Any insights on why this is the case ? We almost ran out of all the ideas
our NMI handler
void NMI_Handler(void)
{
/* USER CODE BEGIN NonMaskableInt_IRQn 0 */
if(__HAL_FLASH_GET_FLAG(FLASH_FLAG_ECCD1) || __HAL_FLASH_GET_FLAG(FLASH_FLAG_ECCD2))
{
uint32_t badAddress = 0x08069000;
/* Check if NMI is due to flash ECCD (error detection) */
if(__HAL_FLASH_GET_FLAG(FLASH_FLAG_ECCD1))
{
/* calculate the bad address, ADDR_ECC contains the value of double word offset */
if (READ_BIT(FLASH->OPTR, OB_USER_DUALBANK_SWAP_DISABLE) != 0)
{
badAddress = FLASH_BASE_1 + ((FLASH->ECCR & FLASH_ECCR_ADDR_ECC) * 8);
}
else
{
badAddress = FLASH_BASE_2 + ((FLASH->ECCR & FLASH_ECCR_ADDR_ECC) * 8);
}
/* Clearing the flag anyway.

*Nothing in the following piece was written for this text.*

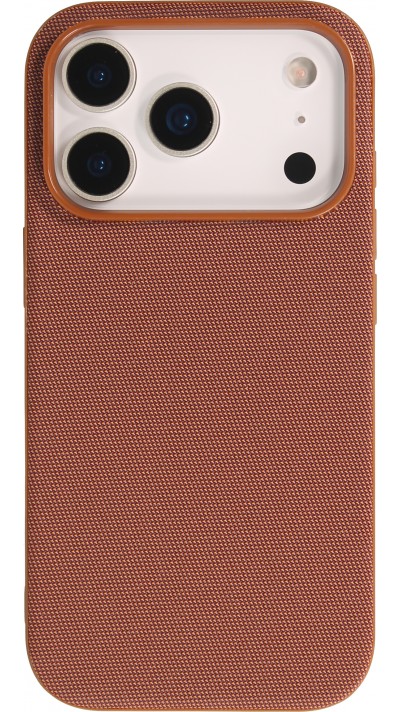 iPhone 17 Pro Case H&uuml;lle - MagSafe-kompatibles Premium-Technikgewebe mit eleganter Schutzh&uuml;lle - Braun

If deletion failed it will be set again*/
__HAL_FLASH_CLEAR_FLAG(FLASH_FLAG_ECCD1);
}
else
{
/* calculate the bad address, ADDR_ECC contains the value of double word offset */
if (READ_BIT(FLASH->OPTR, OB_USER_DUALBANK_SWAP_DISABLE) != 0)
{
badAddress = FLASH_BASE_2 + ((FLASH->ECC2R & FLASH_ECC2R_ADDR_ECC) * 8);
}
else
{
badAddress = FLASH_BASE_1 + ((FLASH->ECC2R & FLASH_ECC2R_ADDR_ECC) * 8);
}
/* Clearing the flag anyway. If deletion failed it will be set again*/
__HAL_FLASH_CLEAR_FLAG(FLASH_FLAG_ECCD2);
}
/* Delete the corrupted flash address */
if (eraseCorruptedFlashAddress((uint32_t)badAddress) == HAL_OK)
{
/* Resume execution if deletion succeeds */
return;
}
/* If we do not succeed to delete the corrupted flash address */
/* This might be because we try to write 0 at a line already considered at 0 which is a forbidden operation */
/* This problem triggers PROGERR, PGAERR and PGSERR flags */
else
{
/* We check if the flags concerned have been triggered */
if((__HAL_FLASH_GET_FLAG(FLASH_FLAG_PROGERR)) && (__HAL_FLASH_GET_FLAG(FLASH_FLAG_PGAERR))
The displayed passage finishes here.